Le récit procède par une succession de courtes scènes, dont le rythme et l'enchaînement ne sont pas sans rappeler ceux du dessin animé. Bon observateur des tics de langage et de comportement, Culicchia semble avoir vu et compris plus que ce qu'il veut bien nous laisser entendre et voir. Sous le registre comique qui nous donne cette fois encore plus d'une fois à sourire, court un mal-être à peine voilé sous les traits de l'autodérision. Dans un éclair de sincérité des plus réussis, aux accents quasi Morettiens, Luca se déclare ainsi terrorisé par la perspective de la paternité. Avoir des enfants, rumine-t-il, signifie finir de vivre. Si les premières années ils te privent de silence et de sommeil, à cinq ans ils commencent à te demander des accessoires de marque, à six ils monopolisent le choix des programmes télé, « de sept à huit ans ils commencent à chatter avec le voisin, au-dessus de tout soupçon bien que pédophile. A neuf ans ils ont déjà quatre Playstation. Avant dix ans ils ont déjà changé cinq ou six fois de portable (...). A onze, douze ans maxi, ils se shootent à la coke. Pour leurs treize ans ils participent à une tournante ou selon les cas la subissent (...). Sans compter que d'ici trente ou quarante ans, et peut-être bien simplement trente, la Terre aura tout fait pour se débarrasser du genre humain».

C'est aussi un livre où la Sicile est omniprésente : Marsala, le chaos de San Vito Lo Capo, les beautés d'Erice, le désordre qui règne à Palerme, la beauté troublante du théâtre de Segeste, la mer propre de Favignana ... et un hommage aux saveurs typiques de la Sicile : les assiettes d'oursins, le couscous, les sorbets, les olives... 

La différence qui émerge, si l'on pense aux précédents ouvrages de Culicchia, ne réside pas tant dans une vision pessimiste de la société décrite, constante dans la production littéraire de l'écrivain turinois, que dans un sentimentalisme qui, loin d'être une fin en soi, est une manière d'essayer de trouver un sens à donner à sa propre vie, dans une société de plus en plus statique où règnent des valeurs trompeuses. Culicchia lance ici une sorte de cri d'alarme qui amène le lecteur à se demander, en refermant le livre : où et comment tout cela va-t-il finir ?
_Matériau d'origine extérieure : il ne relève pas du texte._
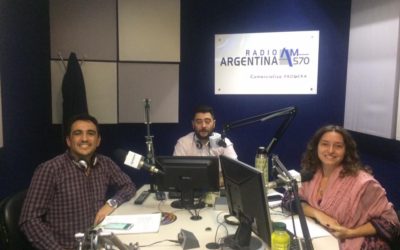 APL Puertas Abiertas. AM 570 Radio Argentina
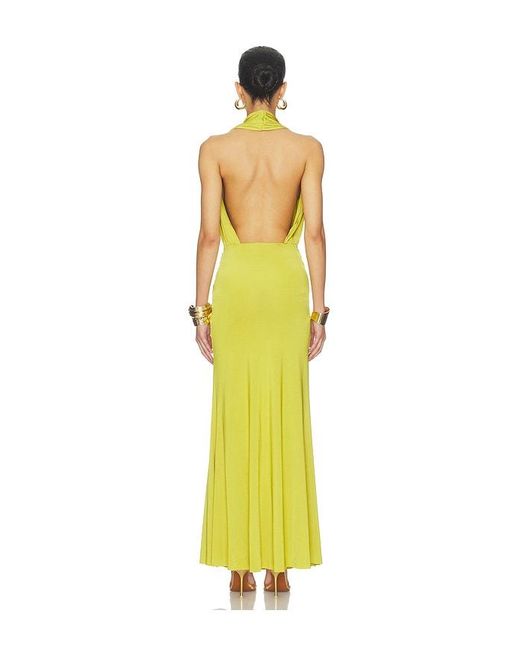 Casona Yellow La Do?A Dress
Quoi qu'il en soit, même si l'on reconnaît la patte de Culicchia, ce dernier opus est quand même loin d'être aussi réussi que Tutti giù per terra ou que le plus récent Paese delle meraviglie. En effet, s'il se laisse lire aisément, il n'est certainement pas inoubliable. Les deux personnages principaux sont tout sauf sympathiques et l'identification du lecteur n'est pas toujours aussi aisée qu'elle le fut par le passé pour les autres personnages tant est horripilante, en particulier, la trentenaire aux discours inutiles à la limite de l'idiotie. Rien à voir donc avec l'émotion de l'histoire précédente, même si le style, la recherche du mot juste, les descriptions réussies, un final particulièrement soigné au goût légèrement amer typique de Culicchia sont toujours au rendez-vous .


En résumé, un bon livre sans doute, mais pas le petit chef d'œuvre que fut Il paese delle meraviglie. Dommage.

1 Patatras, publié chez Payot-Rivages.

2 Le pays des merveilles, publié par Albin Michel.